There's something just slightly wrong about this pattern, and I'm pretty sure it's the buttons.
The bodice, with the little mandarin collar and the fluttery short sleeves, is just great. The right-side pocket is nice, too. But then your eye hits those buttons, and it's all over.
It might just be me, though — I hate buttons on skirts. They always (at least on me) show strain, get weird wrinkles around them, and are uncomfortable to sit on. Not to mention drawing the eye down and away.
If you want this pattern (B30), click on the link, and be prepared to wait for it to be shipped from Australia …
By my reckoning, there are 36 days of summer left. This eBay auction ends five days from now; allowing another five-six days for shipping leaves you 25 days to wear this dress before packing it away for next year. (Your summer may vary if you live further south than I do. Australians may, of course, anticipate.) No one will mind if you wear this dress half-a-dozen times in those last 25 days–I would, if I could!
B36/W27; right now it's at $37.99 with no bids. Somebody go grab it, okay? The last days of summer are waiting.
I'm not sure why this dress is calling to me. I bought the pattern on a whim at an estate sale a few weeks ago, and it's been floating in the back of my head ever since. I'm not really a plunging-neckline kind of gal, and this skirt makes even these ectomorphic illustration women look like toilet-paper cozies, so I find its constant presence in my head disturbing and a bit irritating.

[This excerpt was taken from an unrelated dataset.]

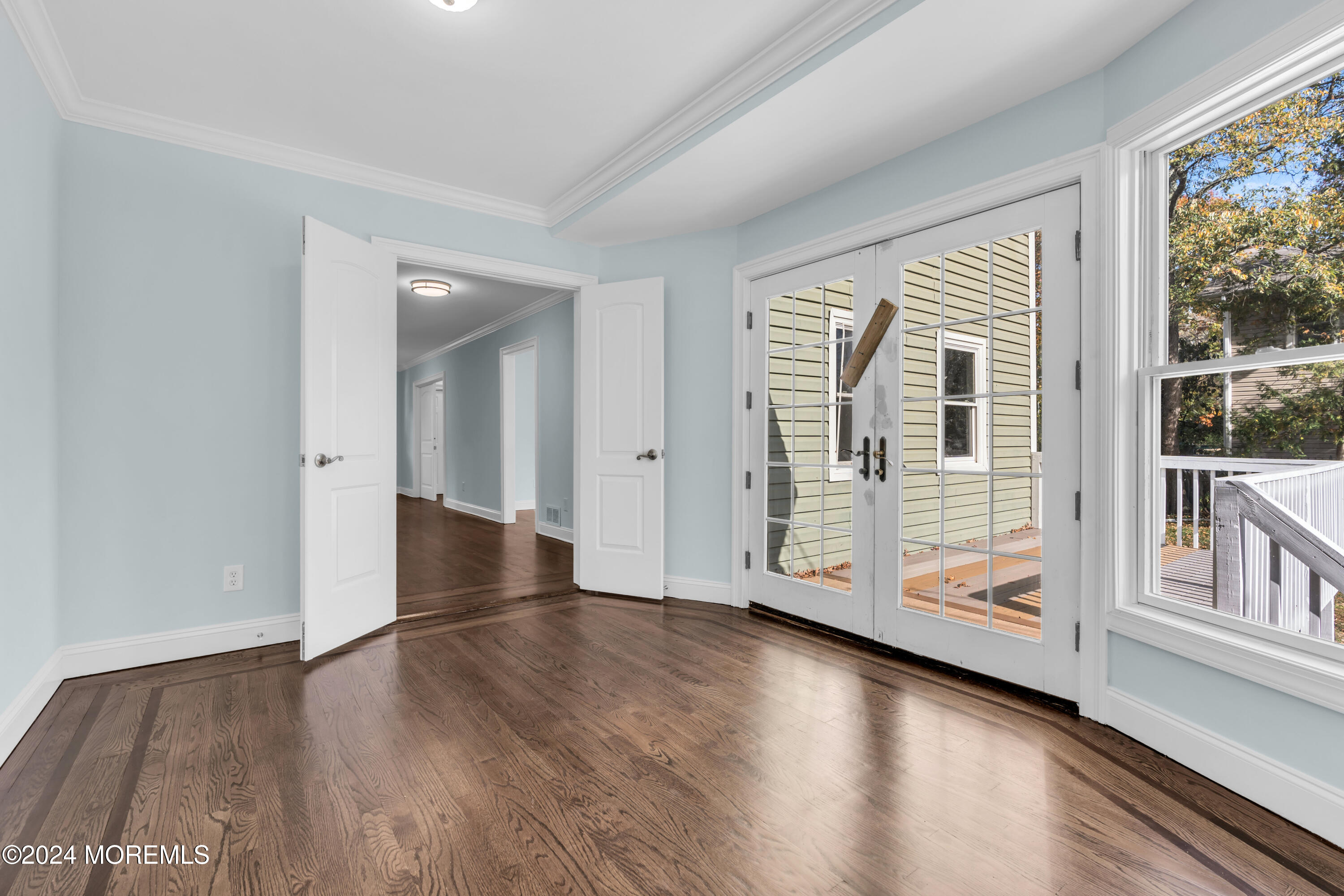 138 Summit Avenue, Neptune City, New Jersey image 19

It might be time for a switch, though, and that would explain why this dress is pinging me. You know how you know, one day, just from something undefinable in the air, that summer is over? And how it's different every year, and not very closely tied to the calendar? That's how it is with styles, too. All of a sudden the very dress you loved, that you couldn't wear often enough, that was somehow the perfect shape and line — looks wrong. Its summer is over.
So. The short version, in gray challis with red banding. Or cream challis banded with chocolate brown. With the neckline, um, adjusted a bit upwards (to obviate the need for double-sided tape) and perhaps the skirt narrowed. Whaddaya think?
Also, Blogger tells me this is the 100th Dress a Day post! Thanks for reading!
I wanted to post a wedding dress today, but I just couldn't find one that sang to me. And then (since if you can't praise beauty you can always resort to mockery) I wanted to find one that was risible, but I couldn't find one that rose to the height of risibility that I was looking for. This is the problem with wedding dresses, in my opinion — they serve no purpose other than to make one person (POSSIBLY two, but usually just one) happy on one day, and for that reason they are not really subject to criticism in the same way as ordinary dresses are.
If wedding dresses are just, at their ideal, crystalline distillations of personality … I want to meet the woman who chooses this one. For some reason, even though this wouldn't be MY choice, I think I'd really like her.
Click on the image to go to the web page offering this dress. If you buy it, drop me an email! We'll have coffee.
Ignore the model's glassy stare and think for a minute what this dress would do for YOU. First of all, although I am a fan of the little black dress, this dress is not a LBD. It's a BBD, actually: dramatic, flattering, graceful. That neckline would, at the same time, make your neck look swanlike and feature your embonpoint charmingly. The embellished bodice is just understated enough to be tasteful, just sparkly enough to be festive. The Grecian twining at the waist will set that part of you off discreetly, and the soft flowing pleats of the skirt will flutter around you enticingly. This is the dress to wear when you want to look effortlessly elegant.
This dress is a siren's call to rival all siren's calls, but doesn't look like it. Gorgeous. From Narciso Rodriguez's Fall 2005 collection (by way of Serenada — who would look like a goddess herself in this gown! — thank you, Serenada!). Click on the image to visit the Style.com slideshow.
Yes, it's a flocked dress! There's not a lot of flocking on adult clothes lately — it seems only kids get the satisfaction of having raised fuzzy patterns on their clothing. But I'm all in favor of fuzzy party dresses — why NOT give people an excuse to touch you? (Okay, introverts, you can all say "eeeewwwww!" now, but I didn't mean it THAT way.) So, where were we? Yes. This dress — a tad expensive at $225, but in great condition, and it's not only flocked, it's flocked taffeta! — is just the perfect combo of color and pattern, and it's at The Cats Pajamas (I don't know where the apostrophe went either and without it I think that perhaps the pajamas are MADE of cats, and that is not a good mental image AT ALL) so click on the link if you must have it. B36/W28.
I may have to go troll Ebay for some flocked fabric now. Preferably a nice abstract like this one, and not flaming skulls or Hello Kitty, as much as I like both those motifs. Hmmm, flaming Hello Kitty skulls? Oh well.
I like this dress — it looks Modern without looking as if you were trying too hard to be modern. It's a nice shape, a nice length, and no matter how clever and manipulative your personal body-image demons are, they probably haven't gotten around to talking you into hating the very tips of your shoulders yet. So show 'em off! This dress also requires Important (or at least Very Dangly) Earrings, or perhaps even a Striking Cuff Bracelet, so keep that in mind. (Neither of which accoutrements could I wear for more then ten minutes before slipping them off to be lost forever in the bottom of my handbag, so I would be drastically underaccessorized in this dress.)
And by "try something new," I mean if you're a size 0/2 and have $119 to spare — this is on sale at Neiman's and 0/2 is the only size left. Ah, end-of-season sales, where the two ends of the bell curve make out like bandits, and the rest of us in the hump just LOOK.
This dress is NOT — and I can't stress how important this is — NOT made of that hideous stretch polyester that so many knit dresses are molded of these days. No, this one is very nice combed cotton.
Why the model was told to have no two planes of her body facing the same way, I have no idea. But she's doing a really good job of following instructions, isn't she?